The fact that I've spent the better part of a week, now, trying to figure out how to write this review says, I think, something about Ashes: Hemplow's short cosmic-horror-splashed haunted-place novel [say that three times fast]. I am just not sure what. Part of me wanted to start with a question about the Horror Zeitgeist that can fashion a ghost tale out of a genre notorious for being the-other-supernatural. Part of me wanted to dive right in with some comment about the novel's relevant-to-current-events vibe—from international relations with Russia to e-cigs. Part of me just wanted to blink twice and have a review written. All three parts are going to be a tad disappointed.
First off, the book is good with great moments—immediately coming to mind is a scene involving brood parasitism into which I had trouble not trying to read too much. It also does well by characters [including a wonderfully understated "love story"], mostly with the pacing, establishing a sense of unease, and being very even handed with its cosmic-sprinkles.
In the first portion of the book, most of the first half, the driving horror and unease is almost entirely down to Patricia—Ashes' protagonist, hired to renovate a house destroyed by fire centuries ago—and her desperate, life-wrecking desire to get her son, Noah, out of Russian prison [Hemplow feeds details about why Noah is in prison throughout, so I'll avoid saying why he is in...]. She is steadily losing cash and possessions just to keep up with the bribes and the legal fees [which is another word for bribe, in this case]. She has become estranged from her husband because she feels he is not passionate about their son's defense. She even takes the job central to the novel's plot to raise more money, entrapping her in its embrace.
And all of this suffering is highlighted by Hemplow's refusal to allow communication with Noah. Noah is a cipher, a lacuna, a blank spot in a book where he is arguably the second most important character. Despite being the driving force in her life, he is less real to Patricia on the everyday side of things than the Other-Worldly Things haunting her, except to what degree she creates Noah in her life, investing her ideal of him into her struggles and her suffering. Even if this book had been half-as-good as it is, Hemplow would deserve some notice for his handling of the [lack of] mother-son relationship and its ironic turn into a mother-[mother's-idea-of-]son one.
It would be wrong, I think, to refer to the struggles of her son and herself as "cosmic horror", but in a lot of ways, such a lacuna, such a fear, feels exactly like the heart of cosmic horror. The uncaring universe is represented by uncaring, questionably-motivated bureaucrats who does not entirely grasp the language, the emotion, or the mindset of those they impact; whoses face you can only imagine on the other end of a phone line. One does not need the Necronomicon to tell you the face of dark gods, here, you can imagine them in the description of a horrible jail cell miles and miles away.

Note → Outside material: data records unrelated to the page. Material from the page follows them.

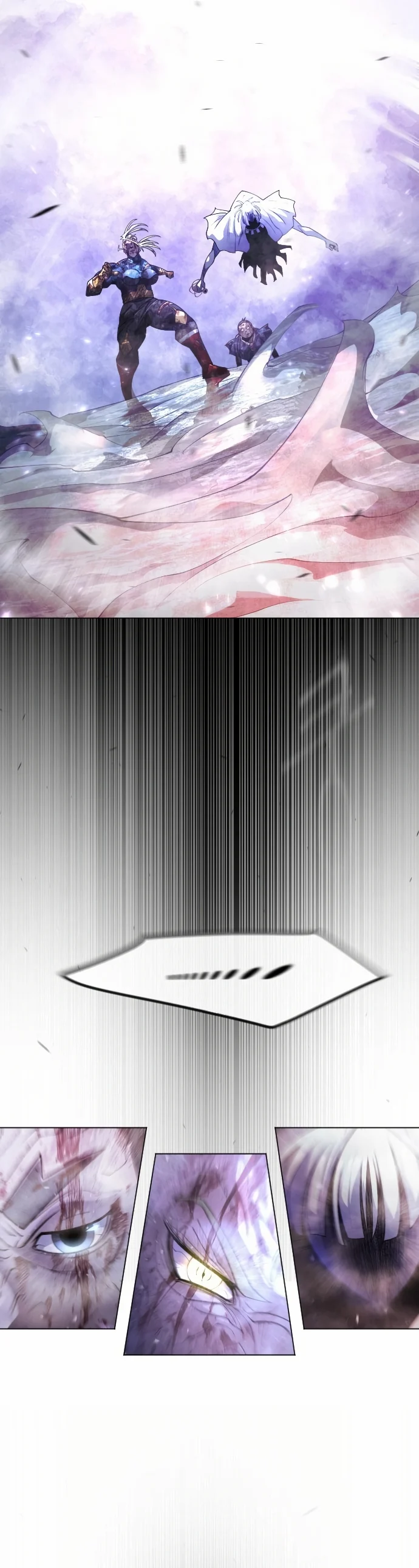 The Superhuman Era Chapter 152 - Page 16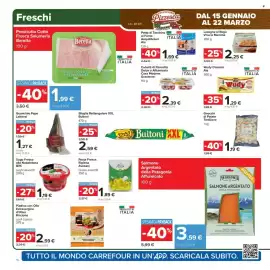 Volantino Carrefour Pagina 10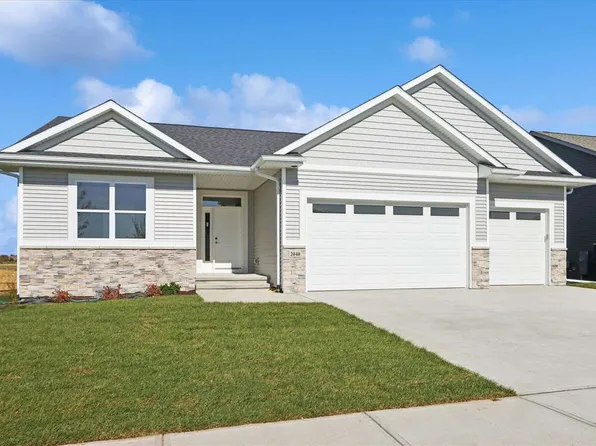 2040 Denison Ave, North Liberty, IA 52317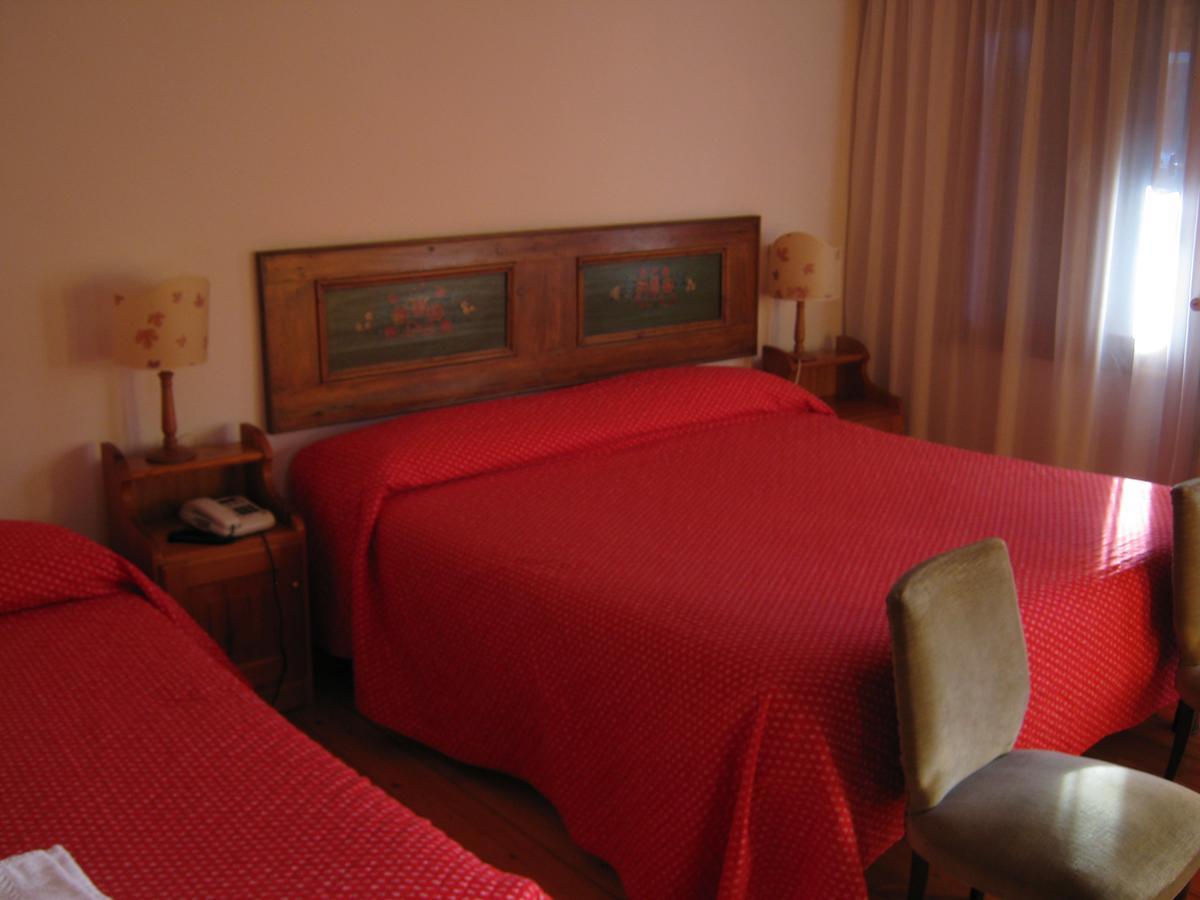 Hotel Albergo Dolomiti San Vito di Cadore Esterno foto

As the book continues, the other horror increases in intensity, and the Noah-centric elements take longer and longer stints in the back-seat—I will assume this is a conscious decision—and the beat flips more and more to the well-known rhythms of a haunting: found artifacts, the living-in-a-new-place vibe, the inner-struggle-meets-outer-struggle, the contemporaneousness of the past and present. Though Hemplow does not spruce up the haunting genre greatly, he has moments where hints of other wrongness peak through—the brood parasite scene, a scene with a breakfast egg gone wrong, the odd phone calls linked, ostensibly, to the other half of the horror—that add dark spice to its flavor. He grasps the elements well and his prose is well structured.
That is, until the book hits a section of plot nearing the end. To understand it as a problem, you must first understand it as a success: having floated up a few disparate elements—the haunting and the son-in-Russian-prison story arcs—Hemplow intertwines them more and more into the double-helix of Patricia's life as a downward spiral. She has stacked her dominoes too precariously for too long, except, as the pieces tumble, they collapse fast and hard, occasionally feeling a tad teleological. As the twin-headed horrors of her life spirals into a hydra, the tension pops a bit hard, too orchestrated to continue the book's disturbing dissonance, a harsh note only showing up again at the foreshortened end, which I enjoyed exactly for its abrupt paean to madness and despair left rough.
All in all, a good book, as I said, with moments of true greatness driven by a repeated refrain of inviting death into your heart and into your home [the road to Hell, they say...]. While the cosmic-sprinkles are maybe too few to fully recommend it on that dime, the intersection between them and the more traditional haunt has some mileage and makes for an interesting juxtaposition.